The Israeli government has announced new restrictions on Covid-19’s “green passport” to allow indoor entry only to people who have already received a booster dose of a coronavirus immunizer. The new rules take effect this Sunday (3).
As of today, the green passport will be valid for just six months after the holder’s last dose of vaccine, a change that will affect between 1.7 million and 1.9 million Israelis, according to local media. All current certificates have been canceled and citizens need to make a new document through the website or application of the Ministry of Health in the country.
The ministry said on Sunday that its website and application underwent instabilities, due to the large number of people who tried to download the new certificate, and that, therefore, the current document will be valid until Thursday. The ministry said more than 1 million new certificates were issued this Sunday.
The document is required for entry into shops, restaurants, cultural events, gyms and other closed places.
After the changes were announced, Israelis protested the country’s health passport on Sunday, reported the Associated Press. Protesters consider the system a form of mandatory vaccination.
To receive the certificate, citizens must have received a third dose of Covid-19 vaccine, or have received the second dose within the last six months. As of Thursday, about 1.6 million Israelis who are already eligible for the third dose had not yet been vaccinated, meaning they will lose their new certificate, the newspaper reported. Haaretz. Most doses given in Israel are from Pfizer’s vaccine.
Israel’s Ministry of Health recommends that those who have recovered from Covid-19 receive a single dose of the vaccine. Previously, patients recovered from the disease were able to receive the green certificate even if they were not vaccinated. Now, the passport will only be valid for six months for these people, who after that period will have to take a dose of the vaccine to maintain the validity of the document.
The Israeli health authorities’ decisions were taken after evidence indicated that the coronavirus immunity of patients recovered from Covid-19 decreases over the months, as does the immunity conferred by vaccines.

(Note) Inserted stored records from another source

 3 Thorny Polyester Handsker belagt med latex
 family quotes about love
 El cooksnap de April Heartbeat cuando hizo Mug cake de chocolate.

Still, the increase in Covid-19 cases in recent months in Israel is mainly attributed to the small portion of its population that is not vaccinated. This Sunday, 588 patients are admitted to hospitals in the country with severe cases of infection – among them, more than 70% were not vaccinated, according to data from the Ministry of Health.

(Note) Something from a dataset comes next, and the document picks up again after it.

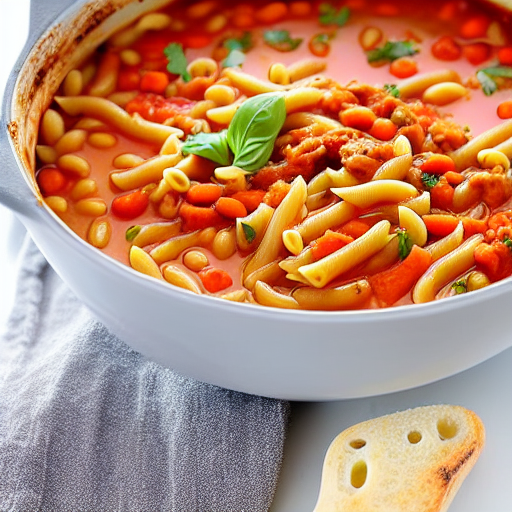 Pasta e Fagioli (Low Carb)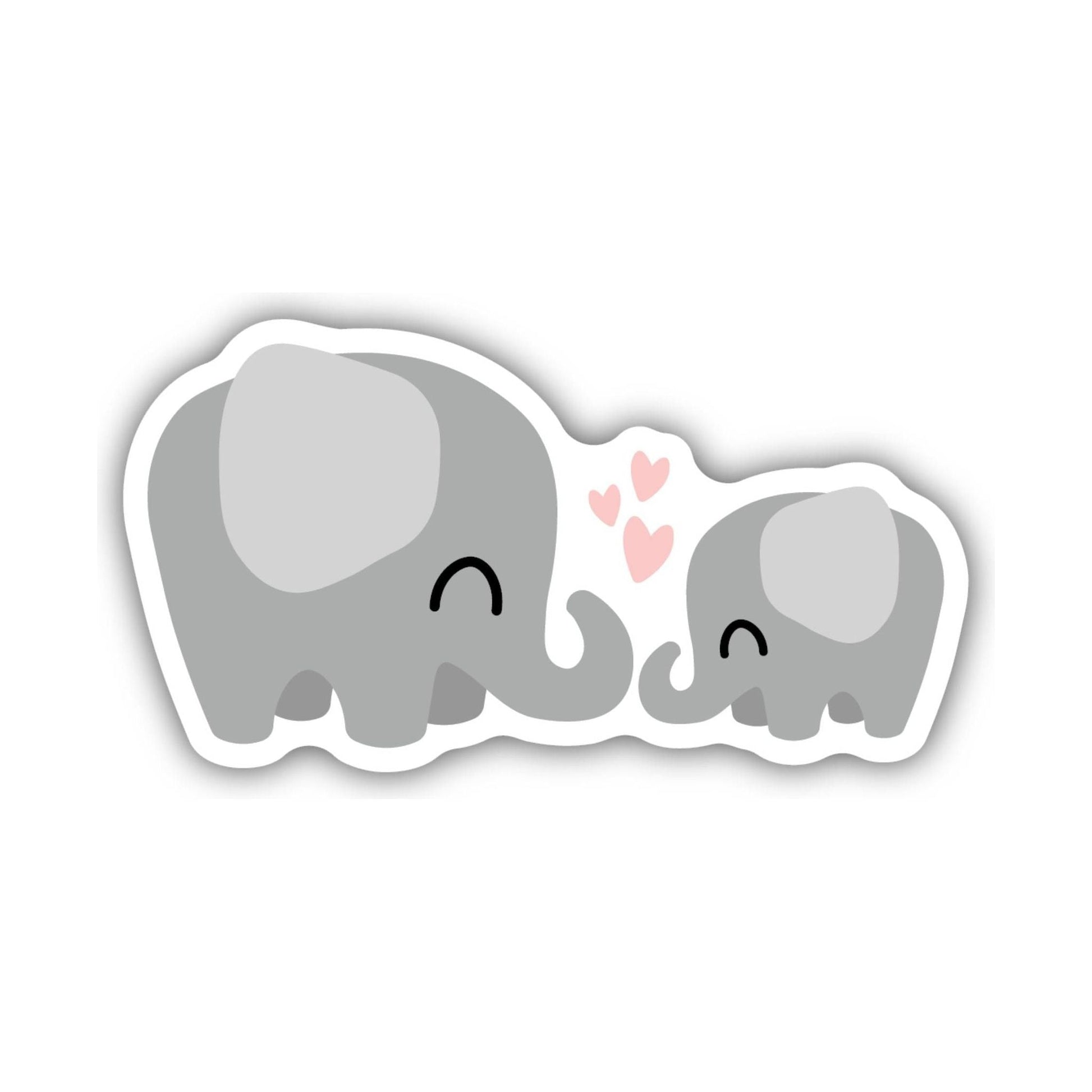 Stickers Northwest Two Elephants by Lenny's Shoe & Apparel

Israeli Prime Minister Naftali Bennett said Sunday during a meeting of the Coronavirus Office that the outbreak caused by the delta variant of the virus is beginning to be brought under control.
“When a virus starts to retreat, we can’t let it recover,” Bennett said, according to local media. He advocated continuing strict restrictions, to avoid “signaling to the public that we are no longer wearing masks.” For the prime minister, the most urgent task is to ease restrictions on the educational system to end the “mass quarantines in schools”.
This was the first meeting of the Israeli cabinet to combat the coronavirus in more than a month, and discussed ways to encourage the booster dose of immunizations among the country’s population, as well as relaxing restrictions if infection rates decrease in the coming days.